Oscillometric method (MESI ABPI MD®)
The oscillometric method is a relatively new method of measuring ABI, but has quickly established itself as superior to the Doppler method in many respects. The MESI ABPI MD®, the premiere oscillometric device for ABI measurement on the market is, for example, completely automatic and does not require special or extensive training to operate (only basic instruction into how a measurement is performed on a patient). It works on a different principle, utilizing 3 blood pressure cuffs which are placed on an arm and both legs and then automatically insufflated and desufflated in a specific sequential manner that elicits a specific response in the arterial pulse, which the machine then translates into ABI. This whole procedure takes only 1 minute. Thus the only similarity with the Doppler method is the requirement of placing the patient in a supine position.
This method is also significantly more inherently reliable than the Doppler method, since it virtually eliminates the possibility of human (examiner) error. The accuracy of the Doppler method is, on the other hand, relies upon an operator’s skill and (in)experience.

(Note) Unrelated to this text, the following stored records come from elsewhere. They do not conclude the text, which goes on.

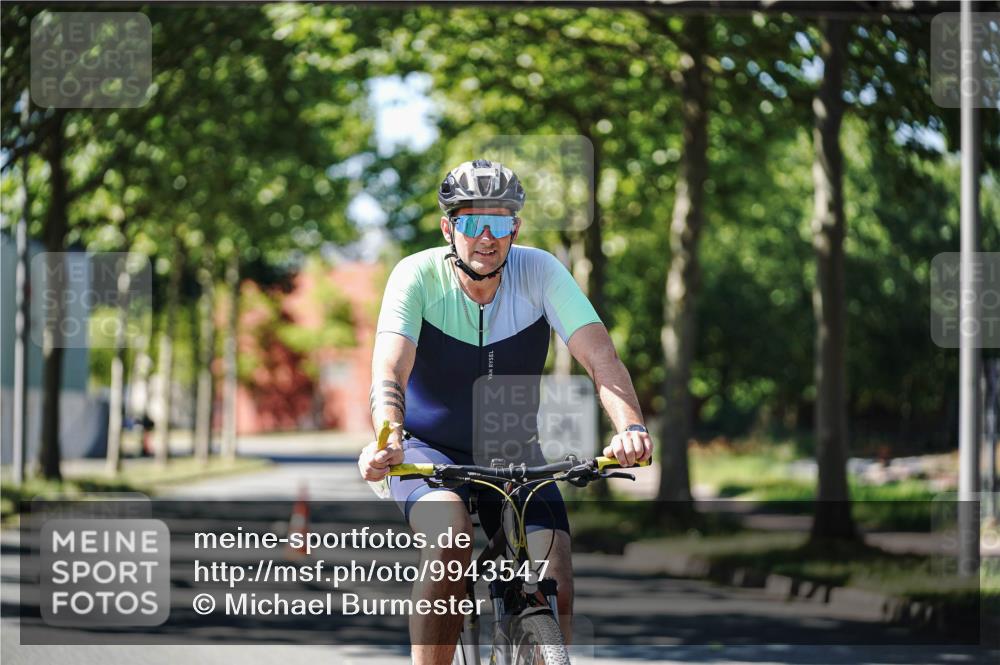 09.08.2026 - GEWOBA Citytriathlon Bremen Michael Burmester http://msf.ph/oto/9943547 09.08.2026 14:49:24 Radfahren 408 meine-sportfotos.de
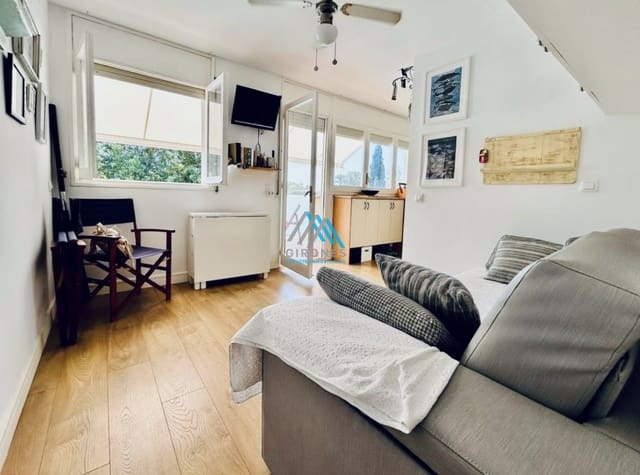 Apartamento de 1 habitación en Sant Feliu de Guíxols en alquiler con garaje - 1.600 € (Ref: 9958849)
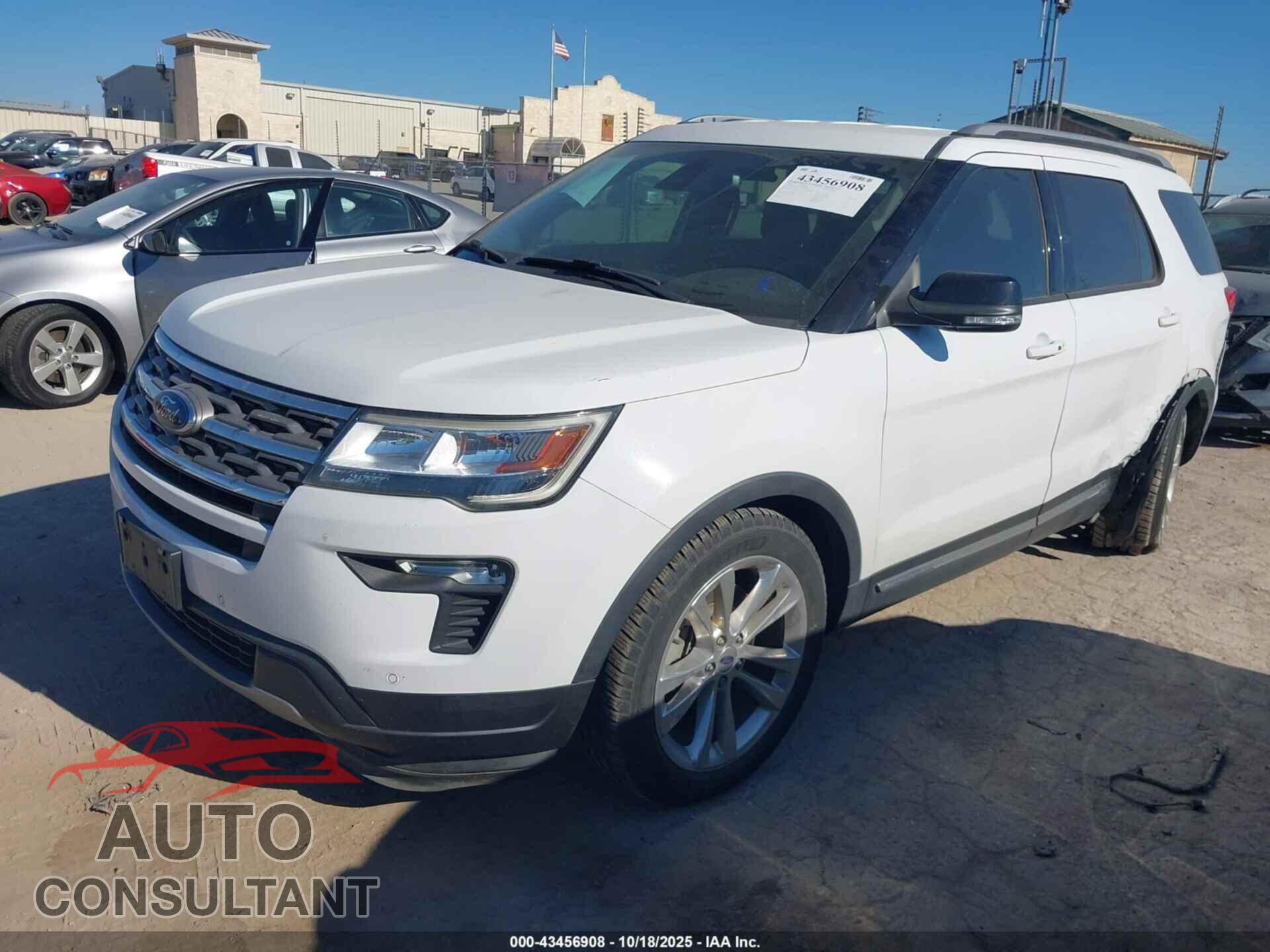 FORD EXPLORER 2018 - 1FM5K7D8XJGB77961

Furthermore, a recent study conducted in Italy has shown the superiority (time, no need for dedicated operators) of the MESI ABPI MD® device for large scale PAD screening in comparison to the Doppler method. With more and more healthcare facilities adopting MESI ABPI MD®, more people will know their PAD status and, together with their physicians, undertake steps to avert any possible issues on the path to good health and general wellbeing.